A locker, a chest, a thermos: there are certain objects in everyday, adult life we take for granted. For the most part, they are only important for what they conceal - or, more accurately, for what we pack into them. Their generic forms are beyond familiar; it's no wonder that their functional, yet mundane, existence easily goes unquestioned.

But here, in the sculpture of Jeff Williams, these understandable objects are placed in inexplicable situations. In something akin to a magic trick in reverse, the concealed is revealed yet becomes mysterious in the process. Through these slight acts of disclosure, Williams calls to question the equally familiar human desires of secrecy, excitement and ultimately escape.

* * *

Looking at the piece entitled Stash , we are literally positioned on the backside of the wall. From the onset, we are given access to visual information that is normally off-limits. What's obvious is that we've been presented with someone's secret -- it's the nature of that secret that becomes increasingly unclear.

The gut human impulse to hide and hoard money is understood. The method shown here though is far from sophisticated, implying either a hastily performed deed or some act of self-involved paranoia. Upon closer inspection, the "money" so haphazardly stuffed behind a mounted mirror is hand-drawn, meticulously counterfeited but ultimately worthless. The whole tableau speaks of concealment for its own sake and serves as a reminder that many secrets are only important because they are solely ours.

In Trapdoor, Williams again presents us with a view inaccessible under normal circumstances. Equally low-tech and almost adolescent in its obviousness, Trapdoor implies a secret already discovered. As if by knowing about what is underneath the chest, its true function becomes transparent.
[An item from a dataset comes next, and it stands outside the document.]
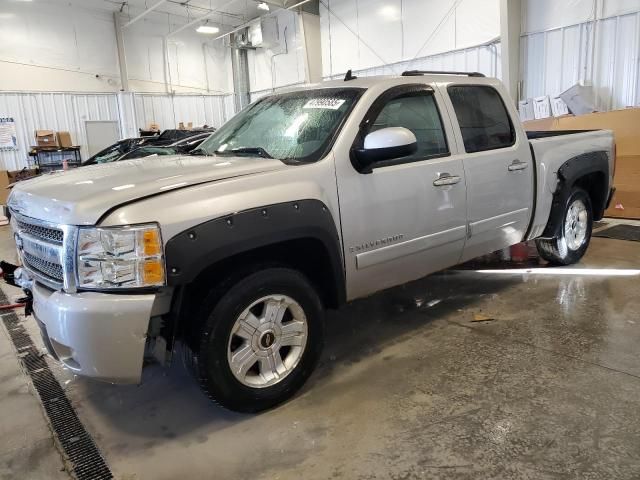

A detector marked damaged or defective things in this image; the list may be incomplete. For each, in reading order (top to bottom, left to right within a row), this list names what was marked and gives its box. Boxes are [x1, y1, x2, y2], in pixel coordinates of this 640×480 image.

shattered windshield [198, 89, 362, 164]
The trapdoor in question is positioned on a false floor. On one hand, there is an implied adolescent fantasy about escape to a parallel reality, not dissimilar to plots of classic young adult novels like The Lion the Witch and the Wardrobe or Alice in Wonderland. They present an alternative to the normal flow of life, a cherished place to escape the increasing pressure of adulthood and all of its mundane responsibilities.

Unfortunately, as is true with many youthful fantasies, reality always manages to seep in, as the adult viewer is faced with the knowledge that the door, once opened, would logistically lead only to the floor beneath. In a way, the sterilized plexi-glass trunk also serves as a hermetic vitrine protecting our childlike sense of wonder, a monument preserving the memory of our shared belief of immortality, however temporary.
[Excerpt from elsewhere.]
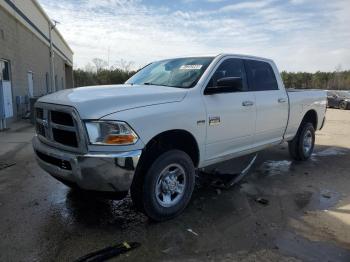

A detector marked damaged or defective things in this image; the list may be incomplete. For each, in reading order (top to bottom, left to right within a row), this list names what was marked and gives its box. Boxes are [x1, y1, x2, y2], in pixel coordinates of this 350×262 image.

damaged vehicle [31, 54, 326, 221]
Childhood and its fugitive nature are also at the core of the sculpture entitled Young American Bowling Alliance. Sealed within the confines of the bag are the additional accoutrements of this very American and distinctively middle class pastime. Preserved through the use of mortician's wax and silly putty, this sculpture is an eerie mix of youth and death. The viewer is left to wonder if this narrative is one of premature death (of a trauma inflicted) or rather the slow process of aging that takes us all. a reminder that the simple act of joining the youth bowlers consigns the character to a life of relative monotony and decay.

Liquor City denotes a different form of societal woe. Seen at first as an "ordinary" teen's locker, the open door invites the viewer to peer into an exposed thermos. As if by magic, this generic thermos becomes a portal to a miniature world, an old west style depiction of "Liquor City." The "ordinariness" of the scene presents a cliché tale of teen drinking, quirkily reminiscent of the after-school-special brand of moralizing so popular throughout adolescence.

The comical, cartoon-like portrayal of "Liquor City" within the thermos again brings to mind the fantasy of escape into another, secret world -- this time through the forbidden. The escape is short-lived, as the action is only prohibited for a limited time. Once legal age, the lure and excitement of drinking on the sly can quickly turn into an accepted societal norm. When the myth expires, the "escape" from the everyday becomes a transparent ploy; and the adventurous journey to Liquor City becomes yet another errand to run.

* * *

Situations such as these can be seen as a comic part of our shared identity, but contained within their generalities is a resounding sense of loss. The secretive nature of each piece calls out to the desire to keep something, however absurd, truly to oneself.

As a whole, Jeff Williams' recent sculpture are monuments to our childlike belief in uniqueness -- the belief that you are completely unlike any of the people around you and that you can somehow remain immune to all the pressures of life to which the others will succumb. if only you could find the secret. As monuments they function more like tombstones, marking the spot where these beliefs ended, where Peter Pan grew old and died.

In these often forlorn but somehow lighthearted moments, we are reminded of our mortal fates and the time in youth where we feared not death -- but the increasing wave of tedium that will slowly carry us to it.